Two. Python identifier presence is not DB column existence. These look identical in a bare grep. They are not. Python identifiers can be dict keys, local variables, parameter names, alias fields, property getters. DB columns live in the schema. Verifying one does not verify the other. Run PRAGMA table_info (or your database's equivalent), match column names exactly, don't trust surrounding code as evidence.

Three. Plausibility is not verification. realized_pnl_usd sounds right. Plenty of trading systems use exactly that name. Mine doesn't. If you're working on a system whose naming conventions you didn't establish, your instincts are worth nothing. Trust the local schema. Trust the grep. Distrust the vibe.

Four. Triage is the discipline, not ceremony. When a check surfaces minor issues, the wrong moves are (a) "it's only a minor, ship it" and (b) "patch everything flagged, keep the review rounds going." Both are uniform deferral. The right move is to distinguish spec-level issues (affects decisions, material) from implementation-level notes (self-correcting, cosmetic), patch the first, annotate the second. This sounds obvious. It is not what I was doing two weeks ago, when every minor got a round trip because "professional means rigorous" gets quietly confused with "professional means exhaustive."

Where I actually am

The fix shipped yesterday. Four bug sites, including one I found during implementation that wasn't in the spec. Seven unit tests, all green. A migration that adds the missing column and backfills 42 closed trades. Another migration that resets the performance baseline so the validation window starts cleanly.

What I'm watching for in the logs is a single line. [TRAIL_ACTIVATED]. Installed specifically because negative observability ("nothing broke") is not the same thing as positive observability ("the fix path ran"). When it emits on a post-migration trade that hit Stage 1 then TP1, the fix is validated. Until then it's a theory. At current volume that sequence fires maybe once a week.

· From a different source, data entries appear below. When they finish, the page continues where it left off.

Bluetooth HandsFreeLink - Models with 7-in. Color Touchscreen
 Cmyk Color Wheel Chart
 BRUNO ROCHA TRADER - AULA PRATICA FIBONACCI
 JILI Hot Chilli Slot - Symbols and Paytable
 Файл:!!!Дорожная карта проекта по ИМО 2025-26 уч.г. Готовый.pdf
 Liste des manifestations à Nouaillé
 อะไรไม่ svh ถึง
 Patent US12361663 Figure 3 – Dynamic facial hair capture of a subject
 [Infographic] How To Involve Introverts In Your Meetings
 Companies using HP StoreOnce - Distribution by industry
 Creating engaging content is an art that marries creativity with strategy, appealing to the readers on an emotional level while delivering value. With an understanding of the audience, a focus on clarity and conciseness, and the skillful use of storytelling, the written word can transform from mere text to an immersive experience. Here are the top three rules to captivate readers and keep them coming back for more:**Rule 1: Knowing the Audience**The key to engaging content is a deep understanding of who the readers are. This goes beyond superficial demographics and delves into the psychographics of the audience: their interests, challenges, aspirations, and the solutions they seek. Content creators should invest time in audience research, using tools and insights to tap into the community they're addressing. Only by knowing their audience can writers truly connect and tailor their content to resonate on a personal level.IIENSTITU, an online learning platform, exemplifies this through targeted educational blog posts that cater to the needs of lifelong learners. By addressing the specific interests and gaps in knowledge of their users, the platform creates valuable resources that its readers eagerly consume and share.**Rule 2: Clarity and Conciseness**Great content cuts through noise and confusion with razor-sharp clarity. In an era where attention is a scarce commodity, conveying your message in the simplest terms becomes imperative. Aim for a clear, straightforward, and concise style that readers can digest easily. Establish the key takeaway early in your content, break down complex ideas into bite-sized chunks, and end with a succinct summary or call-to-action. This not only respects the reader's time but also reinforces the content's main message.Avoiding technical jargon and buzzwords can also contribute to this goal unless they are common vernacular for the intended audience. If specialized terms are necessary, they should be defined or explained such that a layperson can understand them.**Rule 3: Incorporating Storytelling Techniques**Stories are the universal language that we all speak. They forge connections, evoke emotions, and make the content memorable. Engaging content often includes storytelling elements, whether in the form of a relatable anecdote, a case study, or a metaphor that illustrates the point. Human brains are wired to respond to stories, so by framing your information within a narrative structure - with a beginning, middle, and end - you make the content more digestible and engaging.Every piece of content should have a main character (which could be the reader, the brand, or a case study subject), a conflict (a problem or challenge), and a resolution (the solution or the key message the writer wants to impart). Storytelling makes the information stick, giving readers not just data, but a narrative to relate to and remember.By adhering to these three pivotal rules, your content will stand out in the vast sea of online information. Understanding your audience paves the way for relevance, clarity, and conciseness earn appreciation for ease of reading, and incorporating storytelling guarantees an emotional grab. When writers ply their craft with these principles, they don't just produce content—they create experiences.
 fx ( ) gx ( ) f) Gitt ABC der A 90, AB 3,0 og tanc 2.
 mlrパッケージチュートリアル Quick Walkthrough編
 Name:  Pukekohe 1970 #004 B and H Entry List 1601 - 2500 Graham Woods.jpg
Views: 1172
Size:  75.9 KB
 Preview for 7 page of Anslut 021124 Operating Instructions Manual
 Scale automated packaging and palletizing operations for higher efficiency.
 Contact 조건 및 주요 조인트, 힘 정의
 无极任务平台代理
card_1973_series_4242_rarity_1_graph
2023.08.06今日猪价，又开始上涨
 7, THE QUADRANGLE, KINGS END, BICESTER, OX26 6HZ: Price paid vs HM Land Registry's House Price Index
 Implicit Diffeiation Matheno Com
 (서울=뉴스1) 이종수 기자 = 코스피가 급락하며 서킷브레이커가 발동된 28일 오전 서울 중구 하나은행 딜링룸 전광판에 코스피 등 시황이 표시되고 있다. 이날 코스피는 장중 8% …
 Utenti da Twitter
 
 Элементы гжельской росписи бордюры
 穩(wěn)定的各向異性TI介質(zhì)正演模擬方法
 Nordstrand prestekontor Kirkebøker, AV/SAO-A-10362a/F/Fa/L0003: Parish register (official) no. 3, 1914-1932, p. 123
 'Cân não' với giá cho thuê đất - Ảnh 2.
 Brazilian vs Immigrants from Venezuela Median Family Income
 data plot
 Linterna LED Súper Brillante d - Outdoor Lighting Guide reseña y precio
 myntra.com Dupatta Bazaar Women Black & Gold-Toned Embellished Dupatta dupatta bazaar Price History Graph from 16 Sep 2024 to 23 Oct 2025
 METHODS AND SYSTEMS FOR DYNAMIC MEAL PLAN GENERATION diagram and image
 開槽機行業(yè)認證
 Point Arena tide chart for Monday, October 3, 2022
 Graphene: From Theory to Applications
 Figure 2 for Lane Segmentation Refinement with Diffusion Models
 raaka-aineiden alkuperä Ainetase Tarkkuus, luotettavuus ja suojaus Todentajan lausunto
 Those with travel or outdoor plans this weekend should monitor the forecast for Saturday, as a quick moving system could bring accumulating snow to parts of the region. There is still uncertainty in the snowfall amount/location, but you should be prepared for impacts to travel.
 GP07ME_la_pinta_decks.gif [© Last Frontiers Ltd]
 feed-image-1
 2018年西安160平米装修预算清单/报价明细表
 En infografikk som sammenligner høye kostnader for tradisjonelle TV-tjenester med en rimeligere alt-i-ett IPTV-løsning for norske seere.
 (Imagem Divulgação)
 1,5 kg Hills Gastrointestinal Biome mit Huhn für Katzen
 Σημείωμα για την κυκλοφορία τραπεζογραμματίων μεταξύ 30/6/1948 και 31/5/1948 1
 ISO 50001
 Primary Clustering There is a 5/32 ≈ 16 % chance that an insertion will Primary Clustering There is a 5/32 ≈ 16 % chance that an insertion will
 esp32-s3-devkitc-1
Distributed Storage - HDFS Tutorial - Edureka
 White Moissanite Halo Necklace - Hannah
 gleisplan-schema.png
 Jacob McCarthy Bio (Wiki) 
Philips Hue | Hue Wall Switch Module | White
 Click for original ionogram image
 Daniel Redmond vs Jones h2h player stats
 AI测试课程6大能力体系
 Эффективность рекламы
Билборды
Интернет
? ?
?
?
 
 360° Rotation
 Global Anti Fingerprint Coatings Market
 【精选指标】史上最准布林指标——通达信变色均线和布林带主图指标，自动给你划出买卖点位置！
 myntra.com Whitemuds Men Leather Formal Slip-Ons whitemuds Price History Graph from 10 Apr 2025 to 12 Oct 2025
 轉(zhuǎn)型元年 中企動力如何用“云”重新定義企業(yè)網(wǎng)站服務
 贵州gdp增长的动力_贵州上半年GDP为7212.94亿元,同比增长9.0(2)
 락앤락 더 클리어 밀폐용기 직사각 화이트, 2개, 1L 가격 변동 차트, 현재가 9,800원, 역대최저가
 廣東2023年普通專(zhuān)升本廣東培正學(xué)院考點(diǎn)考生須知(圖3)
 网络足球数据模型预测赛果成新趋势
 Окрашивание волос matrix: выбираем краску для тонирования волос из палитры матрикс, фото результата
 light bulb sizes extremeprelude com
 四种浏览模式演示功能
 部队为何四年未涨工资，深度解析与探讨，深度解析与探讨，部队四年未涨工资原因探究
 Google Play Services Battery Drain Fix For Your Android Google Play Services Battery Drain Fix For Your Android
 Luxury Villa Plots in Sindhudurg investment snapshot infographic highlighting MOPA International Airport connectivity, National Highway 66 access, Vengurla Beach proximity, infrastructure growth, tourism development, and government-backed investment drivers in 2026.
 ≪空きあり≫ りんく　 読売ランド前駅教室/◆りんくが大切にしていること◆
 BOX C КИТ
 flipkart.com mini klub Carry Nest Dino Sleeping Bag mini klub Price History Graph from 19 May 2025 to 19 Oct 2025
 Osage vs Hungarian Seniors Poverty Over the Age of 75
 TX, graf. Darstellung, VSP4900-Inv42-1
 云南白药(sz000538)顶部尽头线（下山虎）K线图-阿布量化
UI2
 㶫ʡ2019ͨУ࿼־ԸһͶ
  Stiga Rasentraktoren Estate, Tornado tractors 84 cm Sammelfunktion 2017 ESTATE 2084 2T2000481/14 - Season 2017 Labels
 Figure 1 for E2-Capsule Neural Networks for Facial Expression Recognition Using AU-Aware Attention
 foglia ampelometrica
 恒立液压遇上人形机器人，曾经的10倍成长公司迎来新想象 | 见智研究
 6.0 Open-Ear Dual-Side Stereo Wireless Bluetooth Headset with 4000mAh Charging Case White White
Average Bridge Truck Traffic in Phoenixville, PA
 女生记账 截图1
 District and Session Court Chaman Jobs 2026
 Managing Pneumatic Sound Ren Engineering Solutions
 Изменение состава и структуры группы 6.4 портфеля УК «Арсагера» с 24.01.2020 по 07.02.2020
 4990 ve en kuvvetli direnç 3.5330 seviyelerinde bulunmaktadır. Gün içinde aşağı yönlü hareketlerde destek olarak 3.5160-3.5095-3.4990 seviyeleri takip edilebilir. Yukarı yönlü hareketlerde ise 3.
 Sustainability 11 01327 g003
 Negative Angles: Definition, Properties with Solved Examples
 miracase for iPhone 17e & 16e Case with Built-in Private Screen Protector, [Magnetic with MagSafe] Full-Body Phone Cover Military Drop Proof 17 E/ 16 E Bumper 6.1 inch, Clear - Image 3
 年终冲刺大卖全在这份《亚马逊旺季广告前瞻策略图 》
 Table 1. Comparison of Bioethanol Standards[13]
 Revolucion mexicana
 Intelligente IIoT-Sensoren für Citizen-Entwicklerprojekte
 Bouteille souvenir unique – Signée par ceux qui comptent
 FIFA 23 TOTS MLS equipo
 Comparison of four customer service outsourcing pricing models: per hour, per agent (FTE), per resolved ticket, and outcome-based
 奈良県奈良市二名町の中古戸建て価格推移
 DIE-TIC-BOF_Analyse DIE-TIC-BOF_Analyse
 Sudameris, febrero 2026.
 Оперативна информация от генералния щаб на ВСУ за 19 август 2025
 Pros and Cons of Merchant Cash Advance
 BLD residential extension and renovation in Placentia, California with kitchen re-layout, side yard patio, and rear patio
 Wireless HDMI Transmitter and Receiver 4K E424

I'll write up whether the publish-time trigger catches anything real, once I have a few more specs' worth of data. For now the interesting thing is that writing the lesson about a verification trap was not enough to avoid the trap. That took rewriting the process so the check fires without anyone remembering to run it.

If you're building something where a single bad assumption can wipe a month of progress — a trading system, a fraud detector, a billing engine, anything with money in the loop — the discipline isn't "be careful." It's "wire the check to a trigger that doesn't care if you're tired."